* [TASK ITEM]: Type out all the data below, word for word.

* [INFORMATION PROVIDED]:

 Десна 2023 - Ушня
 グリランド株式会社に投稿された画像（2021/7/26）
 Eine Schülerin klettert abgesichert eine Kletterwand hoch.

* [WRITTEN REPLY]:
 Десна 2023 - Ушня
 グリランド株式会社に投稿された画像（2021/7/26）
 Eine Schülerin klettert abgesichert eine Kletterwand hoch.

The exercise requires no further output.